Pull out the lines from the one containing "Light Pink vector" through the final line of the listing below and repeat them exactly. Leave the pictures behind.

┌─ RECORDS PROVIDED

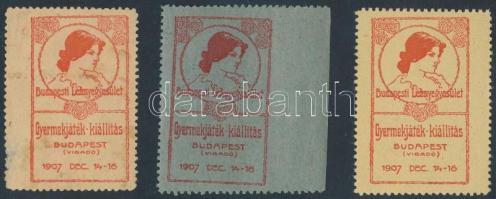 1907 Gyerekjáték 3 db levélzáró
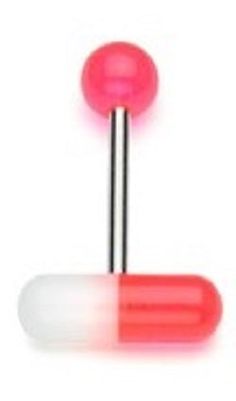 Pink UV Pill Tongue RingJust like a pill you can be silly with this fun tongue barbell. The UV tongue ring gives off a great glow at the party so you can show off your fun tongue piercing. - 14 Gauge- 5/8" Barbell Length- 316L Surgical Steel- 1" End to End Length- 9/16" width- UV reactive, red and white Pill top Tounge Piercing Pill Jewelry, Cute Tongue Rings, Tongue Barbell, Tongue Piercing Jewelry, Tongue Ring, Be Silly, Women Health Care, Piercing Jewellery, A Pill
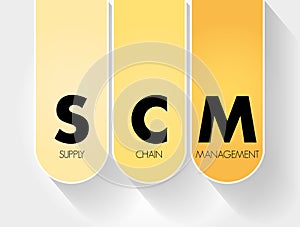 SCM - Supply Chain Management acronym, business concept background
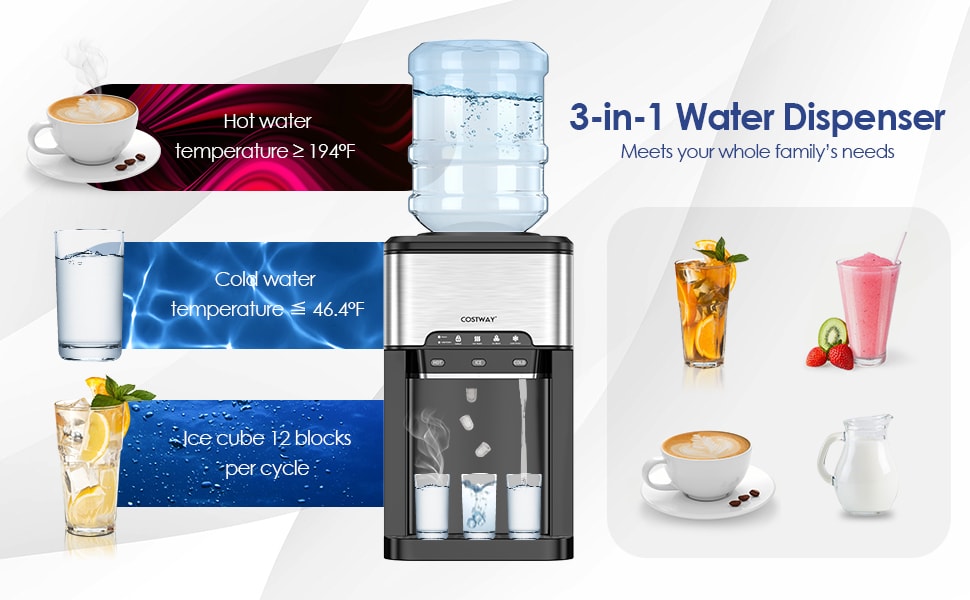 3-in-1 Water Cooler Dispenser with Built-in Ice Maker and 3 Temperature Setting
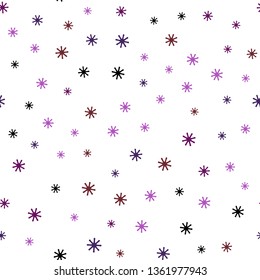 Light Pink vector seamless texture with colored snowflakes. Shining colorful illustration with snow in christmas style. Pattern for design of fabric, wallpapers.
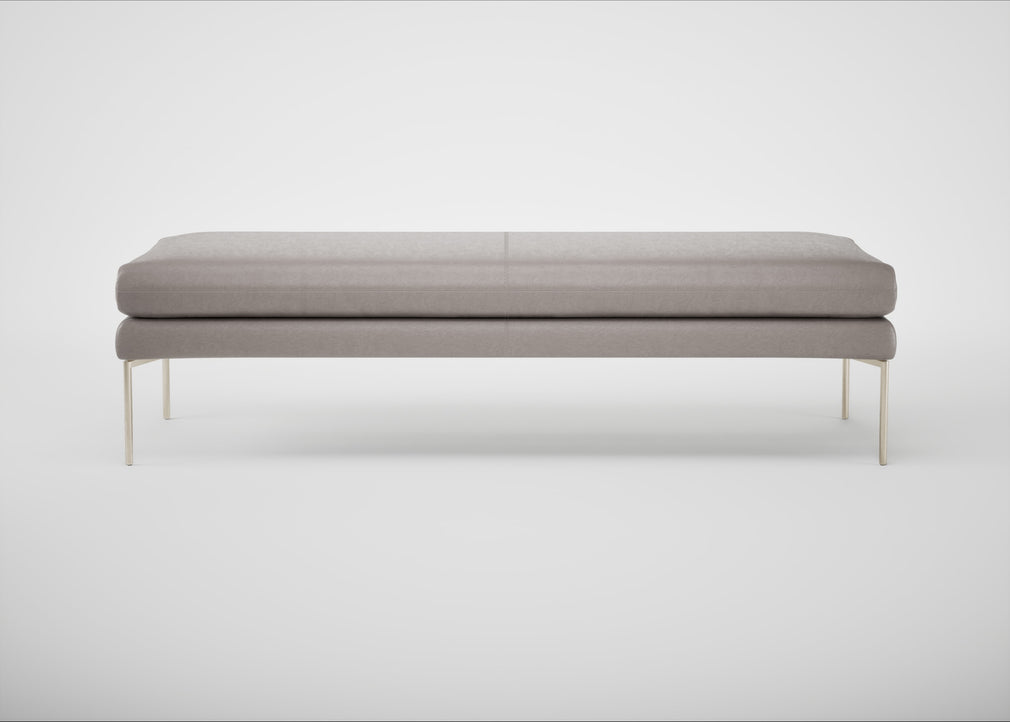 Matera Bench Daino Leather Elephant / Stainless Steel / 160cm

└─

● ANSWER FOR THIS EXERCISE
 Light Pink vector seamless texture with colored snowflakes. Shining colorful illustration with snow in christmas style. Pattern for design of fabric, wallpapers.
 Matera Bench Daino Leather Elephant / Stainless Steel / 160cm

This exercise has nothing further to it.